Start of Block

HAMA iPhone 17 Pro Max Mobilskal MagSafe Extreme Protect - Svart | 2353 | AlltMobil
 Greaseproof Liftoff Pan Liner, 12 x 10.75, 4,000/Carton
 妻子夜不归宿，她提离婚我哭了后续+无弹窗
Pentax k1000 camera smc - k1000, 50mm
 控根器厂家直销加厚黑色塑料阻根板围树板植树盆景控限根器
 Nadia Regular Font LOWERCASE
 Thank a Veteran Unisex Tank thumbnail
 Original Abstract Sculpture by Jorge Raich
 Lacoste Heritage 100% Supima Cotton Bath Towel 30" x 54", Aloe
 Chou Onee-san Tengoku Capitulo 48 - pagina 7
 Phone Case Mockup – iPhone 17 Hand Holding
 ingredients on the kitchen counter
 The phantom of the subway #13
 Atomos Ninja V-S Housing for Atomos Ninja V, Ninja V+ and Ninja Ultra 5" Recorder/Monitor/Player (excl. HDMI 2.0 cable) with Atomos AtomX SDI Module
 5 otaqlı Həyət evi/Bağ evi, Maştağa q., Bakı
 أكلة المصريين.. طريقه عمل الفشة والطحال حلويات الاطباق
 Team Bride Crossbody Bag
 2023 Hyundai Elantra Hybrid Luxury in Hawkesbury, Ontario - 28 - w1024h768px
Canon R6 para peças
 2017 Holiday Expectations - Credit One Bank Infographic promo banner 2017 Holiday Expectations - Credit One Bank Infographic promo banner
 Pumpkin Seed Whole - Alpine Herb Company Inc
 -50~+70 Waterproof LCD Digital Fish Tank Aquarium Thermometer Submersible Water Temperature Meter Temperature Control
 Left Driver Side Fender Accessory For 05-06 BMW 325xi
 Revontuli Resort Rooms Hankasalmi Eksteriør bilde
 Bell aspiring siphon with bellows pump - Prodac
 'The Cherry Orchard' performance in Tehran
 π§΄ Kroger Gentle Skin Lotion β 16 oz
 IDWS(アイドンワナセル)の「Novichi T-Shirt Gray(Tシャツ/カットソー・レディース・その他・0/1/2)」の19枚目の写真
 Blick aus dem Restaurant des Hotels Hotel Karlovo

End of Block

- **DIRECTIONS**
Set down exactly the line that holds "-50~+70 Waterproof LCD" and all lines after it to the end of the data.

- **RESPONSE TO THE EXERCISE**
 -50~+70 Waterproof LCD Digital Fish Tank Aquarium Thermometer Submersible Water Temperature Meter Temperature Control
 Left Driver Side Fender Accessory For 05-06 BMW 325xi
 Revontuli Resort Rooms Hankasalmi Eksteriør bilde
 Bell aspiring siphon with bellows pump - Prodac
 'The Cherry Orchard' performance in Tehran
 π§΄ Kroger Gentle Skin Lotion β 16 oz
 IDWS(アイドンワナセル)の「Novichi T-Shirt Gray(Tシャツ/カットソー・レディース・その他・0/1/2)」の19枚目の写真
 Blick aus dem Restaurant des Hotels Hotel Karlovo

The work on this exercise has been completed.